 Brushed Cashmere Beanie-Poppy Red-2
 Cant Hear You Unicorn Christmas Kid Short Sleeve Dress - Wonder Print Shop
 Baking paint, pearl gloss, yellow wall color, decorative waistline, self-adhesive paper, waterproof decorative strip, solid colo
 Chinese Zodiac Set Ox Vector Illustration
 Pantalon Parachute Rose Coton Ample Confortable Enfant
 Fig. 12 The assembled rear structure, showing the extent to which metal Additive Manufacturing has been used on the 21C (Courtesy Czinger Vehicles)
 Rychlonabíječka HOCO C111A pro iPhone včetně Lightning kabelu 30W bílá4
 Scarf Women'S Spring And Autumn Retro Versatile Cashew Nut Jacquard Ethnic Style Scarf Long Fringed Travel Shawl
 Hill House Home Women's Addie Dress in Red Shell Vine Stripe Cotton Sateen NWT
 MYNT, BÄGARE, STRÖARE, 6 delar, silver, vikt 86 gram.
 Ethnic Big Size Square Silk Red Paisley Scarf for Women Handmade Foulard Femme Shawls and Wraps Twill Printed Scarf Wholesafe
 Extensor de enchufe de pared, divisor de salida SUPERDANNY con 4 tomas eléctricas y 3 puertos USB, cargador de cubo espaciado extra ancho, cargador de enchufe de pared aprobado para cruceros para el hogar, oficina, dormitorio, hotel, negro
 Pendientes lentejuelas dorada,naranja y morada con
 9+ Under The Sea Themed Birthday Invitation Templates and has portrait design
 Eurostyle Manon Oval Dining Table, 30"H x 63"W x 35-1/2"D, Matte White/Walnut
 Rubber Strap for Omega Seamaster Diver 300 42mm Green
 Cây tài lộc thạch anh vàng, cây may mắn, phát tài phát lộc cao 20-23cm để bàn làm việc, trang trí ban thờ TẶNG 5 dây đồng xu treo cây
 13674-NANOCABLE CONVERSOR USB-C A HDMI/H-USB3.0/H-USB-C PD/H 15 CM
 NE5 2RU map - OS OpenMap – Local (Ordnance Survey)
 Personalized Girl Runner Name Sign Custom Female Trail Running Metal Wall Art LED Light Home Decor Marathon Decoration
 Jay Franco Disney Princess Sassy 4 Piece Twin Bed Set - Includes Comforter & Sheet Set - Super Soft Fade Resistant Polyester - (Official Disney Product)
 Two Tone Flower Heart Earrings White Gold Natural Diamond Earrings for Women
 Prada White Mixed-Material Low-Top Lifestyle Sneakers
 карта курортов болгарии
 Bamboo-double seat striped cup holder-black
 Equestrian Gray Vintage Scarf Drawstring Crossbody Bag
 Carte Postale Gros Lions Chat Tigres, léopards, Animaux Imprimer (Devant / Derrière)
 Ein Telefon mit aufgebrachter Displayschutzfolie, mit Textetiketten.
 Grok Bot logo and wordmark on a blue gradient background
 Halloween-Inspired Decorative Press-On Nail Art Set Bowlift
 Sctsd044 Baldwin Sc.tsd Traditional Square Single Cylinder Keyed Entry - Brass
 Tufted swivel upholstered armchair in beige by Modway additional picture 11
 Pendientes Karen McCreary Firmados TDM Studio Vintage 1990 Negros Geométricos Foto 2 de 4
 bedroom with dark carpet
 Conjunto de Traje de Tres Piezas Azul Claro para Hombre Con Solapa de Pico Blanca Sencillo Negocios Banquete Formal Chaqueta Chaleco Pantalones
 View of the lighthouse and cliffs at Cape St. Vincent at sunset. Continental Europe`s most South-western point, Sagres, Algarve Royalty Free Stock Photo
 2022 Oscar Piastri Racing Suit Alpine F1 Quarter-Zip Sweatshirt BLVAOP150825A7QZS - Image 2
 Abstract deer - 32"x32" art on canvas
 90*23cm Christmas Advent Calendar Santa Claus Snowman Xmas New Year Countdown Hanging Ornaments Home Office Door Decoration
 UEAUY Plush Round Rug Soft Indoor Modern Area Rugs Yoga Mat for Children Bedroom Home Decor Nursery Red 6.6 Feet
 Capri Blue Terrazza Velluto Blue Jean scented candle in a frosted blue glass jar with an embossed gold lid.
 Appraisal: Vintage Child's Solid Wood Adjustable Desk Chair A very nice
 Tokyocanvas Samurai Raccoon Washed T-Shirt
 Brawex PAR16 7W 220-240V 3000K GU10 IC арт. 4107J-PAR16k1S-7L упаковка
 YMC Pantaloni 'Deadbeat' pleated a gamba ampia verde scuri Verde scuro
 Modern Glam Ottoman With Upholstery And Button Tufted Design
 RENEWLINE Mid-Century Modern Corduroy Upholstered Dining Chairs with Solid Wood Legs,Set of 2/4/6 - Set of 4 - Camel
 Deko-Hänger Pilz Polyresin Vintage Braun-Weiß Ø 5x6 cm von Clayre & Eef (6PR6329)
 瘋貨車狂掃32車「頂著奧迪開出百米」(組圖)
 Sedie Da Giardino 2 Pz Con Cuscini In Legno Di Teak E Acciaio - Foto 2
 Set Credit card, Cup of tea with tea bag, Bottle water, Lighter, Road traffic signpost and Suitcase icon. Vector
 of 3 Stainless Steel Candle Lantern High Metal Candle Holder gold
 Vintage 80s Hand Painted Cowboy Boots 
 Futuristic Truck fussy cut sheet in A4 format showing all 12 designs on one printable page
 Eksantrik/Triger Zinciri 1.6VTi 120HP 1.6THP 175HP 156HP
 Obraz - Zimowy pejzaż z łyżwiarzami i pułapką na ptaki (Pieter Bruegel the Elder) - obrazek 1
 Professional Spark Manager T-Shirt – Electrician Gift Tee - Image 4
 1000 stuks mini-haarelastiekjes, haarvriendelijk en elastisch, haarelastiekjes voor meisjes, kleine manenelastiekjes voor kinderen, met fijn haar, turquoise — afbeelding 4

_ _ _ _

Above this instruction are the records; retype exactly the lines from the one containing "Appraisal: Vintage Child's" up to and including the one containing "Deko-Hänger Pilz Polyresin".

→ RESPONSE BELOW
 Appraisal: Vintage Child's Solid Wood Adjustable Desk Chair A very nice
 Tokyocanvas Samurai Raccoon Washed T-Shirt
 Brawex PAR16 7W 220-240V 3000K GU10 IC арт. 4107J-PAR16k1S-7L упаковка
 YMC Pantaloni 'Deadbeat' pleated a gamba ampia verde scuri Verde scuro
 Modern Glam Ottoman With Upholstery And Button Tufted Design
 RENEWLINE Mid-Century Modern Corduroy Upholstered Dining Chairs with Solid Wood Legs,Set of 2/4/6 - Set of 4 - Camel
 Deko-Hänger Pilz Polyresin Vintage Braun-Weiß Ø 5x6 cm von Clayre & Eef (6PR6329)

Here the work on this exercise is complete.